Posted by: AndyK | Jul 24, 2012 1:09:43 PM
Don't you think that--in general--consulting the families makes it less likely that a prosecutor will pursue the death penalty? (Any studies on this?)
Posted by: Abe Delnore | Jul 24, 2012 1:20:47 PM
I am aware of at least one study (dealing not with the death penalty in particular) that found that, as between victims (or their families) and non-victims, victims are actually less likely to prioritize punishment as a goal of the criminal justice system or to seek harsher treatment of offenders. I'll try to track that down.
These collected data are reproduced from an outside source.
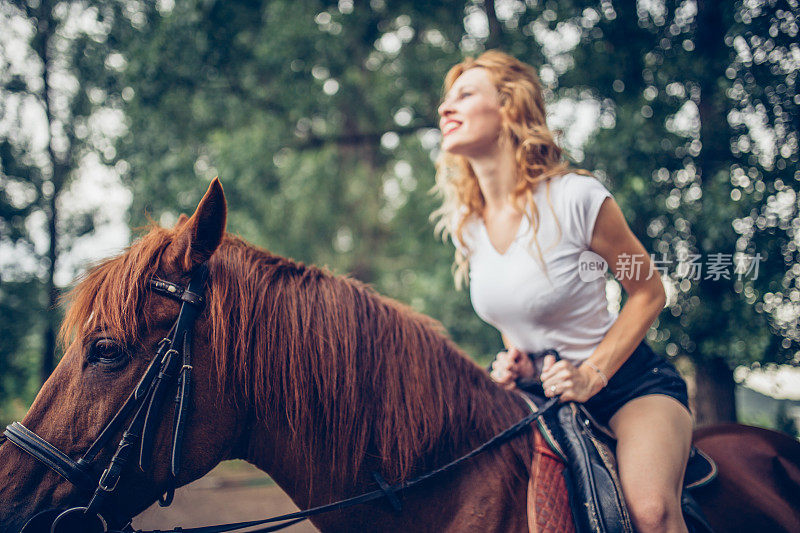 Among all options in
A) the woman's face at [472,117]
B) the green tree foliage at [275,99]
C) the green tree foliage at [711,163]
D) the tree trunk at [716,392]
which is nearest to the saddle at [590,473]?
the woman's face at [472,117]

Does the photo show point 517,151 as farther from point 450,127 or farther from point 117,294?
point 117,294

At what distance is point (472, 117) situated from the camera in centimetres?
213

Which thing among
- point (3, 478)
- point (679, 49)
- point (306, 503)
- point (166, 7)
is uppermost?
point (166, 7)

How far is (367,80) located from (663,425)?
867cm

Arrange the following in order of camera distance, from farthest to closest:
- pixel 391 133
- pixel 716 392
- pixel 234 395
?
pixel 391 133 → pixel 716 392 → pixel 234 395

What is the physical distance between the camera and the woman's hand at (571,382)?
1795 millimetres

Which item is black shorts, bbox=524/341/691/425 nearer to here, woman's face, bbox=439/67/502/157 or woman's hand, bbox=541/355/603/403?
woman's hand, bbox=541/355/603/403

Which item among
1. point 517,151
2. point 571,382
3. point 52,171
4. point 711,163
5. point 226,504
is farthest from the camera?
point 52,171

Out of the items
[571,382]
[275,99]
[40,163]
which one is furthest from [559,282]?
[40,163]

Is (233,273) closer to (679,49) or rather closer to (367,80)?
(679,49)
Posted by: Martin Pritikin | Jul 24, 2012 1:48:15 PM
Doesn't it all depend on one's underlying theory about the purposes of punishment? If one thinks the death penalty is primarily about general and specific deterrence, then the victim's family's views are not going to have much of a role. If one thinks the death penalty is about satisfying the victim's family's thirst for revenge, then the victim's family's views are going to have a major role. And since we as a society have very little agreement about the underlying purposes of punishment and the respective weights to be given to each purpose in the calculus, and are unlikely to achieve any meaningful agreement any time soon, I don't think we can get very far in the discussion.
Posted by: TJ | Jul 24, 2012 4:03:11 PM
Is anyone posting on here a current or former prosecutor? I am and we always consult with victims of all crimes. It's more a courtesy than anything. It doesn't necessarily change the decision - that's up to the office, not the victim. I think it's the policy of almost every office I'm aware of to at leat consult with them and explain why you're seeking the punishment you are.
Posted by: We'd | Jul 24, 2012 7:52:18 PM
I saw the same thing that 'k' did, and that does seem appropriate to me, as long as the victim consultation is one aspect of the decision-making process and not determinative.
Posted by: Andrew MacKie-Mason | Jul 25, 2012 12:37:10 AM
We'd is right. Note that the Colorado constitution - Title 24 article 4.1 part III mandates consultation with victims re sentencing. I imagine every state has a similar amendment or statute, and there is also 18 USC 3771 for the federal statute. The prosecutor alway has the final say. Here, assuming that the defendant is determined to be sane (legally), it is hard to imagine a prosecutoir not seeking the death penalty in any state in wihc death is a sentencing alternative.
Sens. Feinstein and Kyl used to push a constitutional amendment for victims rights. It got longer and longer every year in response ot complaints from prosecutors and finally collapsed of its own weight
Posted by: jt | Jul 25, 2012 11:16:34 AM
I think TJ's comments were on the mark -- I like to phrase the problem succinctly as whether we have a vengeance system or a justice system. As TJ noted, your view will likely be formed by how close you are to one of those poles.
Posted by: DHMCarver | Jul 25, 2012 12:21:50 PM
Unfortunately, our supposedly "rule-of-law" and "equal-protection" society countenances discrimination all the time, as was obvious in the payments made to families of the victims in the Twin Towers disaster settlement.
You are more important and more valuable if you:
Are supporting children.
Single and childfree folks' lives just aren't worth much, especially if they're foreigners.